Свадебное платье висело в шкафу, завернутое в тонкую ткань. Она надела его, наслаждаясь нежным шелестом шелка, ниспадавшего мягкими складками, и покрутилась перед зеркалом. Ее охватила внезапно неодолимая дрожь восторга, когда платье заколыхалось вокруг ног с бледно-персиковым сиянием.
Кэтрин подошла к туалетному столику и достала косметический набор. За последние две недели она утратила привычку краситься, но сегодня испытывала острую потребность в защите, которую давала искусно наложенная косметика. Ей не хотелось, чтобы окружающие догадались, что творится у нее в голове. Впрочем… – слабая улыбка тронула губы Кэтрин – как они смогут прочесть ее мысли, если даже она сама не знает, что ей думать?
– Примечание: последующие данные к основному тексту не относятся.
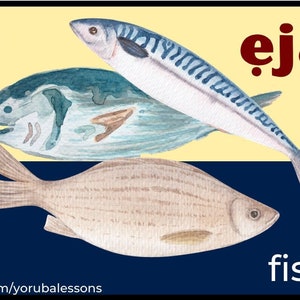 Yoruba Alphabet/Letters | Flash Cards for Learning and Games | Digital Download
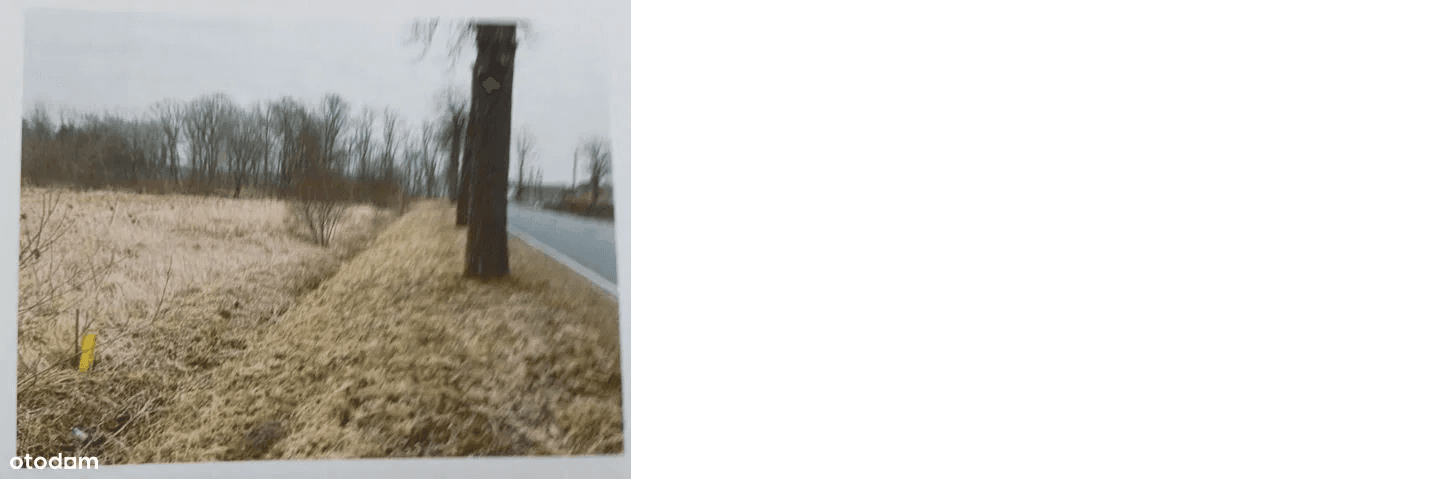 Bankruptcy trustee will sell the Agricultural Land . right of ownership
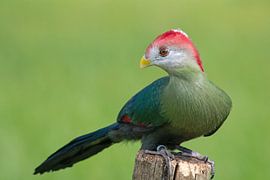 Red-crowned booby on pole by Petra Vastenburg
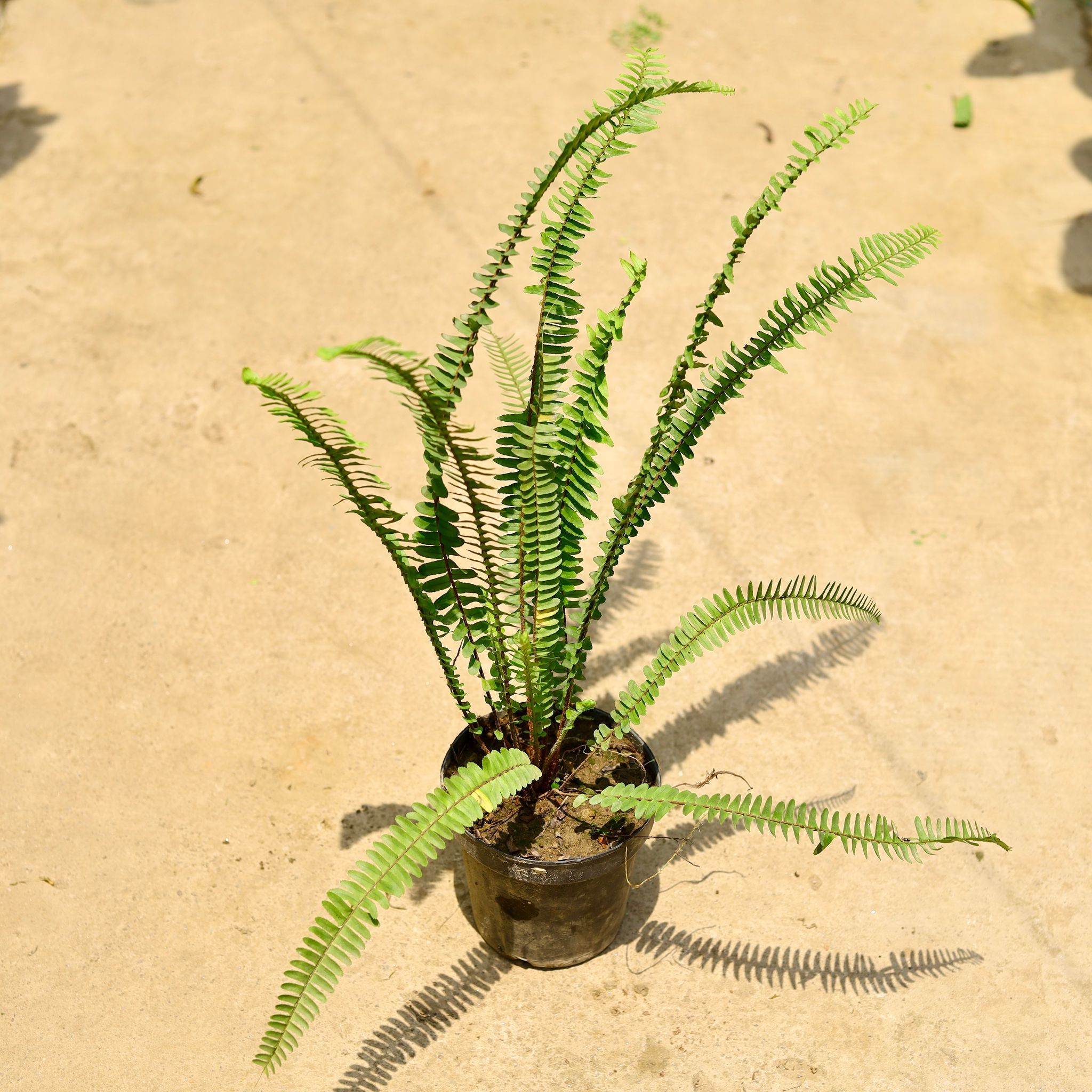 Fern green in 6 Inch Nursery Pot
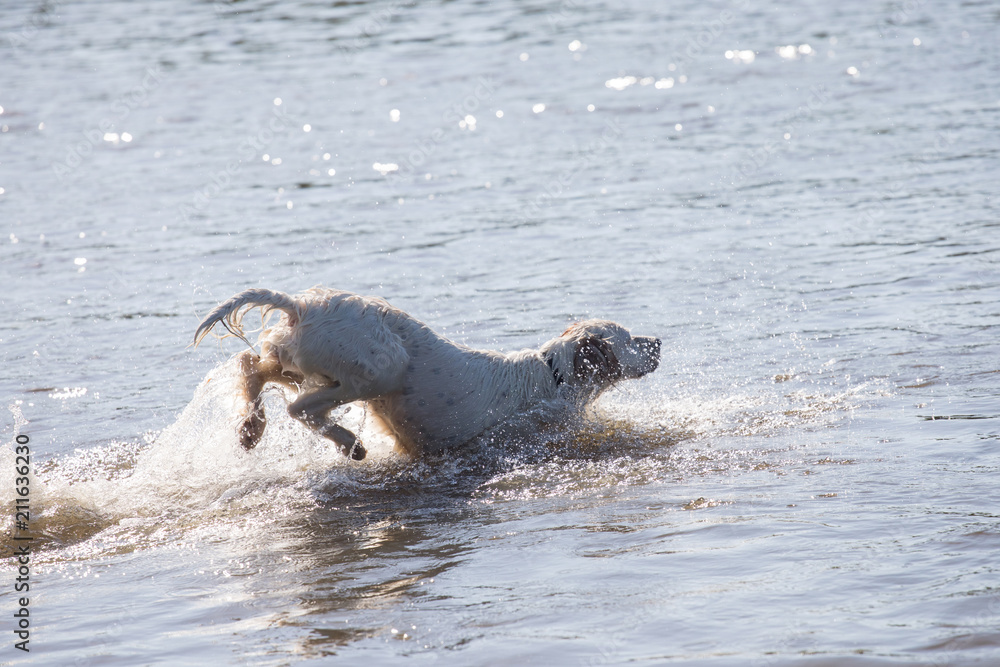 Fototapeta premium setter dog running in the water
Кэтрин нанесла основной фон, румяна, обвела глаза и наложила тени, намазала губы и ресницы – и все это с ловкостью, приобретенной за восемнадцать месяцев регулярной практики. Теперь из зеркала на нее смотрела холодная, элегантная незнакомка. Лишь необычный блеск темных глаз выдавал внутреннее смятение.
Отец приехал ровно в девять, принаряженный с провинциальной тщательностью: серый костюм, ослепительно белая рубашка и галстук в полоску.
Кэтрин улыбнулась.
– Вижу, что мама приложила руку к твоему внешнему виду.
Мистер Грин смущенно улыбнулся.
– Я весь новый с ног до головы! – признался он. – В среду она напала на меня и заявила, что не станет кормить обедом, пока я не куплю всю эту чепуху. Я предупреждал ее, что проклятые туфли будут скрипеть! Она даже заставила меня купить новое нижнее белье…
– Ты выглядишь очень элегантно. Прямо-таки настоящий киноартист!
Отец порозовел от удовольствия и взял ее чемодан, уже стоявший у двери.
– А ты – просто прелесть, – пробурчал он. – Я никогда еще не видел тебя такой красивой, Кэтрин.
Его слова попали в больное место.
– Даже в день моей первой свадьбы? – спросила она.
– Даже тогда, – спокойно кивнул он, проверяя, хорошо ли закрыл за собой дверь квартиры. – Конечно, когда ты выходила замуж за Роберта, то была еще юной девушкой с присущей юности прелестью. Теперь же ты зрелая женщина. Научилась перебарывать горе и сделалась сильней после этого. Тогда ты была хорошенькая, а теперь стала красавицей.
На секунду Кэтрин растерялась, не зная, что ответить.
– Спасибо, – прошептала она, когда к ней вернулся дар речи, нажала кнопку лифта, а потом порывисто обернулась к нему. – Ах, папа, если бы ты знал, какой незрелой я себя чувствую! По-моему, даже более незрелой, чем пару лет назад!
– Это признак того, что ты становишься мудрей, – ответил он с веселой усмешкой, когда они входили в лифт. – Не помнишь, какой ты была в пятнадцать лет? Ведь ты тогда знала буквально все на свете! Белое – значит белое, черное – значит черное, и никаких оттенков. Ты сделала большой шаг вперед, раз понимаешь, что люди не могут быть уверены ни в чем, особенно если речь идет о глубоких чувствах.
Кэтрин засмеялась.
– И мои опасения, что я делаю нечто совершенно неразумное, на самом деле – симптом приближающейся зрелости? Ты это хочешь сказать?
– Милая моя, я инженер, а не философ, но считаю, что мы начинаем лучше понимать свои глубинные инстинкты, когда становимся старше. Пятнадцать лет мы узнаем в школе разные факты, которые пихают в нас учителя, чтобы к тридцати годам понять: там, где речь идет о человеческих существах, факты всегда составляют лишь десятую часть истины.